Look here is the truth, this is probably just about you getting older. All of us are. There is going to be a point in your life where you are not going to be lusted after much, nothing you our I can do to change it. And even if you are Sophia Loren you will still not get the same attention that a young women would. If you and a younger version of you are in the same room, the younger version is going to win out. You can do things that give signals to say you are what they call easy and you may get some attention but that is what it is going to take. Sorry that is just biology. You have to accept this. The good news if fortunately this is not the only thing that there is to give you self worth. 

What happened at that get together the other night at it's most base level was a single women was there and single men who are looking for a mate started to stake their claim. You don't fit in that category by your own choice as you are married. Is that shallow, no I don't think so, you were young once too, those men deserve the chance to act the way you did. It's natural. You are married those days are past, if you can't get over that fact divorce. 

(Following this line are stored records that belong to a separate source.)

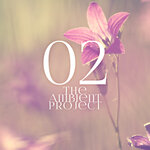 The Ambient Project Vol 2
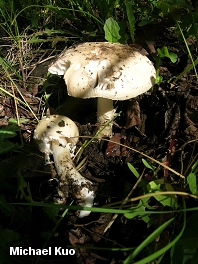 Amanita sp.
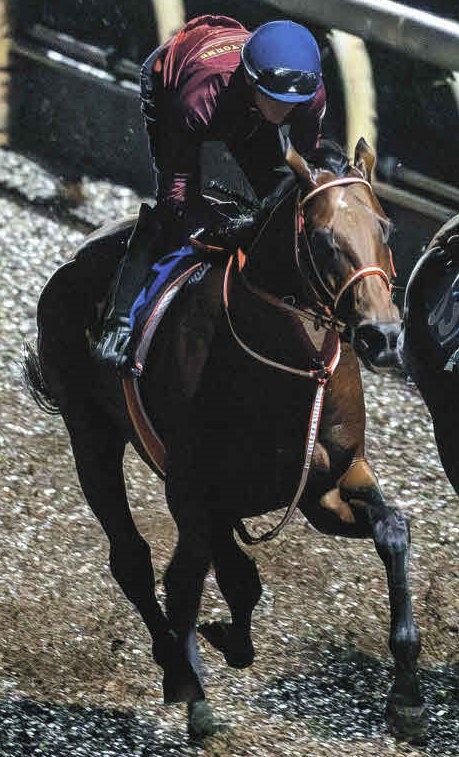 ジョッキークラブゴールドC】フォーエバーヤングが単走追い切り5F62秒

Again you really have two choices as I see it, you can come to terms with the idea that you will never be lusted for the way you once were and be an honorable faithful wife. Learn a different way to get attention and self worth. Or you can divorce and get your party on and end up with a bunch of lusting men. In the short term it probably will be nice. But in the long term where will it lead? How will it affect your husband whom you presumably love and your child? What is the endgame?

At best that life leads to shallow relationships that will end when this drug of a new fix gets old and you need to find someone else to pay attention. Eventually you just get old and you hit the wall as they say. Then there is no one who will want you and at that point you missed out on love. It's a drug. It's gonna leave you burned out and alone, with no one to love you for you. 

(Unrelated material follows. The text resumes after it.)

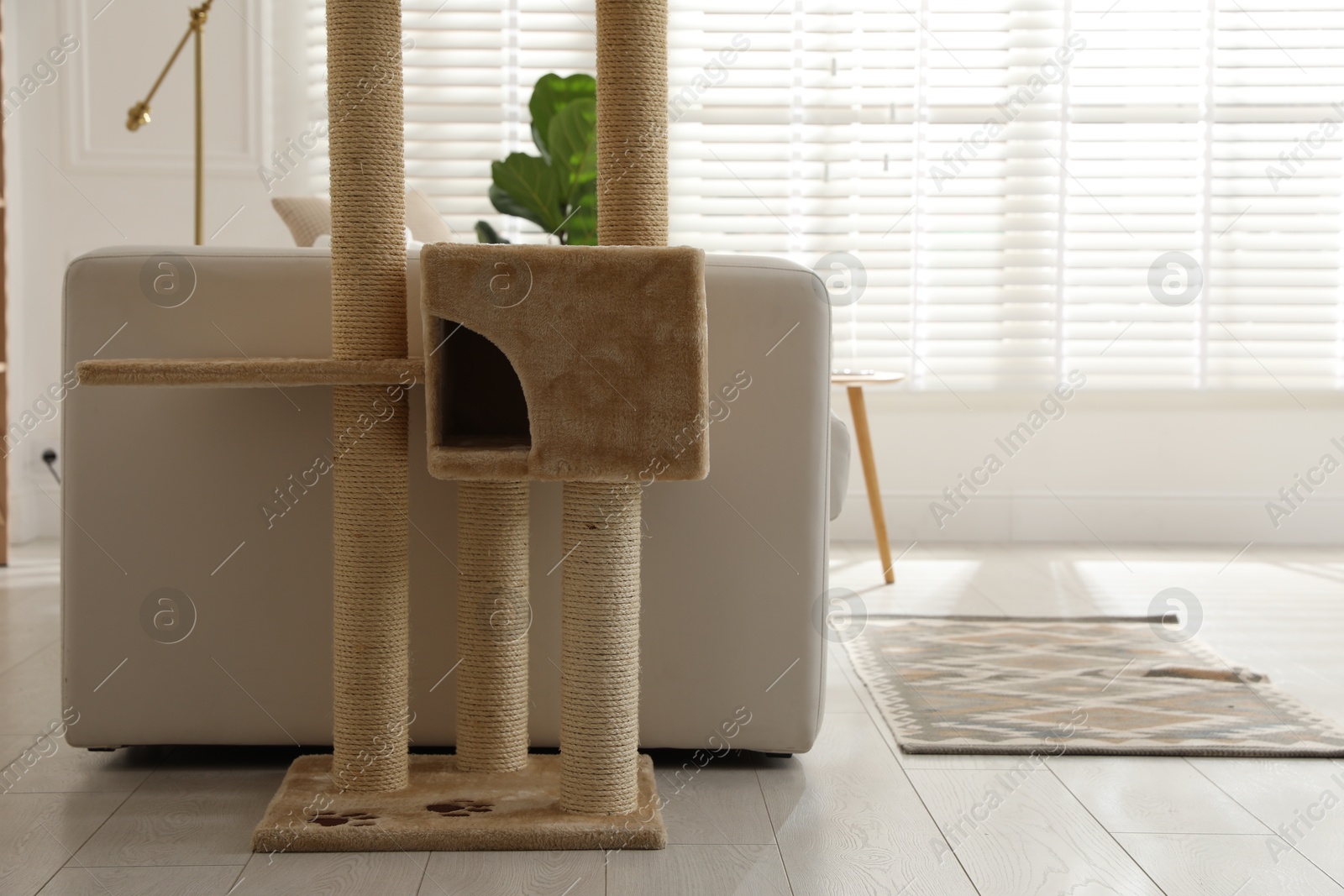 Big comfortable cat tree with scratching poles indoors Photo of Big comfortable cat tree with scratching poles indoors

I am not sure why lust of many is more important to you then love. In most cases you have to choose.


----------



## sokillme (Jun 10, 2016)

UnicornCupcake said:


> Lots of good stuff here!
> 
> I think I live in a normal flirty society. A lot of the VERY flirty women because this is a univerisy city BUT I don't think I live in a prude place either. (Although we do have a conservative majority and always will, lol.)
> 
> ...


Maybe you should get a new social circle.


----------



## highwood (Jan 12, 2012)

UnicornCupcake said:


> This group was a group with common interests. That's why I'm handling everything so poorly. I know it's silly to take this personally and I try to remind myself that I've done the exact same thing to women. (There have been many cases in which I've met a woman who is clearly interested in pursuing a potential friendship and I'll "write" her off because I don't think her lifestyle just won't mesh with mine. So I just don't want to invest the social energy and precious time into someone I can't see turning into a friend. Maybe that's how these people see me?) I guess I'm just trying to find a personality other than "wife"... A niche so to speak. Debating on just becoming a mute.


I kind of get that...I am the same way, not sure if this is your situation but I tend to like working out, hiking, kickboxing, etc. and I lose potential friendships because other women I know their idea is to want to get together and go for coffee, I would rather go for a walk/hike and talk that way instead of just sitting somewhere and going for coffee, so I decline those types of invites. Does not interest me in the least....thus the invites stop after a while of course.

I find that I have more acquaintances than close friends plus I think I am a bit of a loner in some ways. A perfect weekend for me is lots of exercise and doing my weekend chores around the house. I am boring like that for sure...I have no interest in going shopping with a friend or sitting somewhere and talking over coffee. Now call me for a hike or a walk then I will go. Usually I don't pay attention to stuff like that until I hear someone talking about how they go for girls nights out and I think wow I don't have any interest in stuff like that....which is probably weird but I just don't.


----------



## highwood (Jan 12, 2012)

To the OP I think you are just ultra sensitive right now and sometimes when we get like that something that we would have not bothered us prior bugs us more for some reason.

Also people can be amongst other people and still feel lonely and neglected for sure.


----------



## Slartibartfast (Nov 7, 2017)

..


----------



## WilliamM (Mar 14, 2017)

I do have to say it really does sound like you want to get a date.

In my world single men do not talk to married women. Period. Also, single women do not talk to married men.

So much so that married couples seldom even socialize with single people any more once they get married.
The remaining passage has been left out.